🤖 AI Summary
Existing allowlists overly rely on domain popularity, causing numerous low-frequency yet trustworthy long-tail domains to be overlooked—thereby compromising security coverage breadth and regional adaptability. To address this, we propose a bottom-up, hyperlink-structure-driven mining method that integrates seed-URL crawling, Transformer-based trust scoring, and graph-structural analysis to systematically identify and incorporate credible low-frequency domains ignored by mainstream approaches. Our framework is the first to support dual-granularity allowlist generation—both global and locale-specific.

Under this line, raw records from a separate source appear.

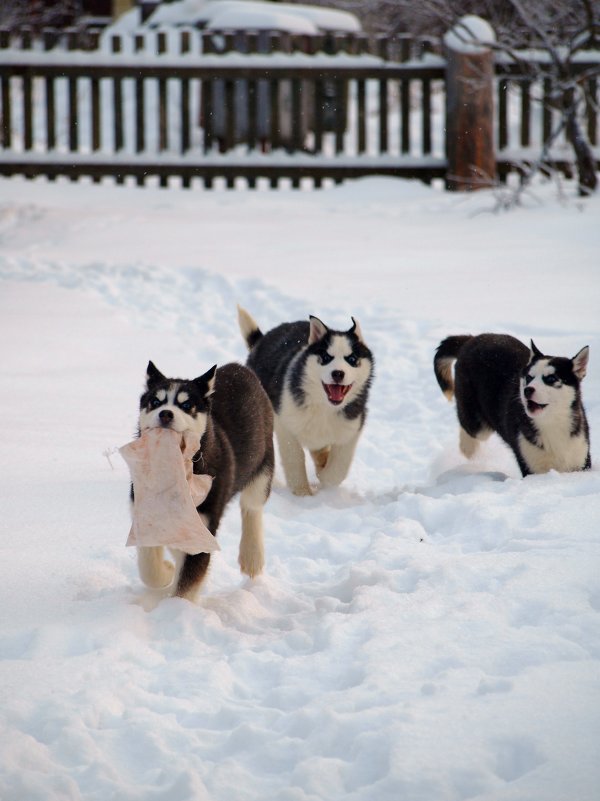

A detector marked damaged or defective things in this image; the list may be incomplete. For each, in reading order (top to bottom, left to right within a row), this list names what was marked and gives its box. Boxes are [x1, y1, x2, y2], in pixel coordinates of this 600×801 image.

torn pink cloth [118, 428, 219, 552]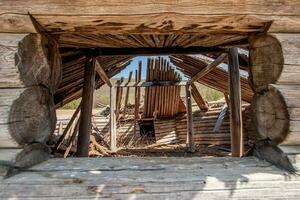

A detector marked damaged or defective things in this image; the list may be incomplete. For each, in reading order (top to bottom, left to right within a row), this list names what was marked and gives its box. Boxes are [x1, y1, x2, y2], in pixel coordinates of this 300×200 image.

splintered wood [142, 57, 182, 118]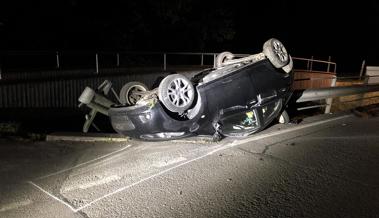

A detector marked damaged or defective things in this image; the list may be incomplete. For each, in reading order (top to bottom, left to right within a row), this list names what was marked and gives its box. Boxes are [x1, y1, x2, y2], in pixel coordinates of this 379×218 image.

overturned vehicle [78, 38, 296, 141]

Experimental evaluation shows that our generated allowlists exhibit only 4% overlap with six major existing global allowlists and merely 0.1% overlap at the local level. Consequently, the risk of missing malicious domains is significantly reduced, particularly enhancing protection efficacy in non-English-speaking regions.
📝 Abstract
In cybersecurity, allow lists play a crucial role in distinguishing safe websites from potential threats. Conventional methods for compiling allow lists, focusing heavily on website popularity, often overlook infrequently visited legitimate domains. This paper introduces DomainHarvester, a system aimed at generating allow lists that include trustworthy yet infrequently visited domains. By adopting an innovative bottom-up methodology that leverages the web's hyperlink structure, DomainHarvester identifies legitimate yet underrepresented domains. The system uses seed URLs to gather domain names, employing machine learning with a Transformer-based approach to assess their trustworthiness. DomainHarvester has developed two distinct allow lists: one with a global focus and another emphasizing local relevance. Compared to six existing top lists, DomainHarvester's allow lists show minimal overlaps, 4% globally and 0.1% locally, while significantly reducing the risk of including malicious domains, thereby enhancing security. The contributions of this research are substantial, illuminating the overlooked aspect of trustworthy yet underrepresented domains and introducing DomainHarvester, a system that goes beyond traditional popularity-based metrics. Our methodology enhances the inclusivity and precision of allow lists, offering significant advantages to users and businesses worldwide, especially in non-English speaking regions.